WORK REQUEST: Starting with the line below that holds "ขายบ้านเดี่ยว 5 ห้องนอน" and stopping after the line that holds "Certified 2022 Lincoln", transcribe the lines exactly, leaving out all pictures.

EXTRACTED INFORMATION:
Segment Open
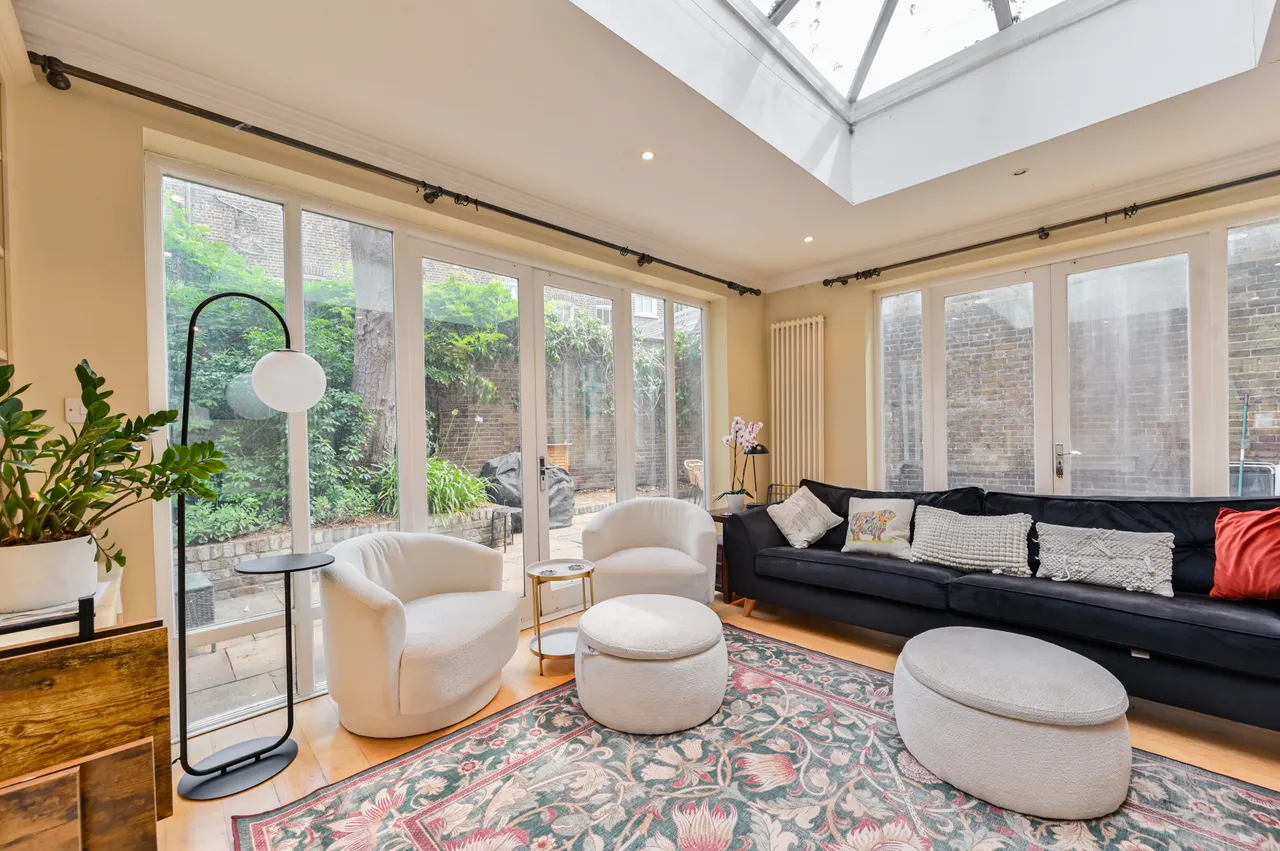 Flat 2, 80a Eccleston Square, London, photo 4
Segment Closed
Segment Open
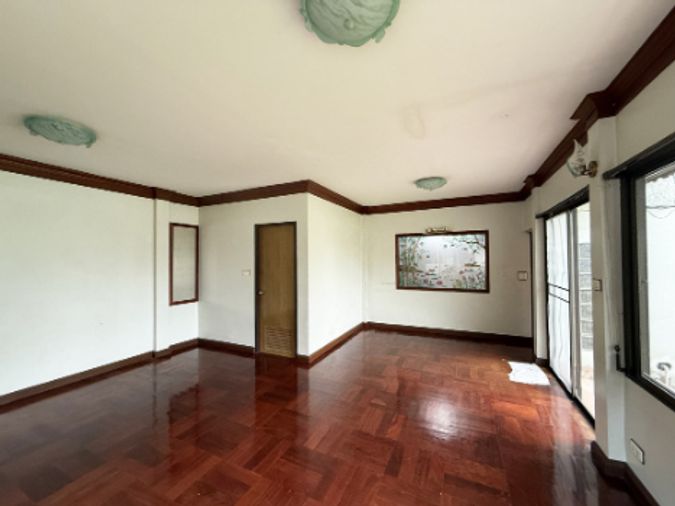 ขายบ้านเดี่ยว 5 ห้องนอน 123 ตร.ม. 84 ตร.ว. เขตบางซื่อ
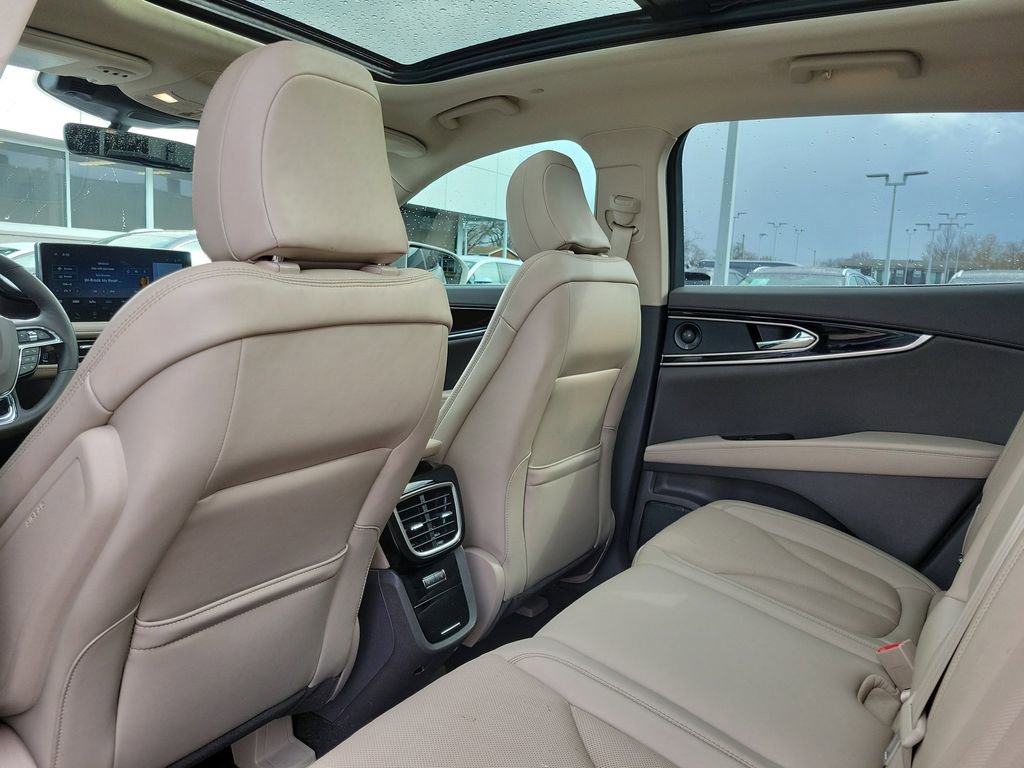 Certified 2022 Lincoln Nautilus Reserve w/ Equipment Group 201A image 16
Segment Closed
Segment Open
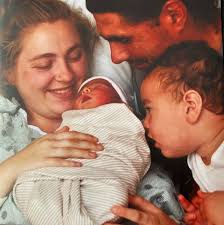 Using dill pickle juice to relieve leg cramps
Segment Closed
TASK ANSWER:
 ขายบ้านเดี่ยว 5 ห้องนอน 123 ตร.ม. 84 ตร.ว. เขตบางซื่อ
 Certified 2022 Lincoln Nautilus Reserve w/ Equipment Group 201A image 16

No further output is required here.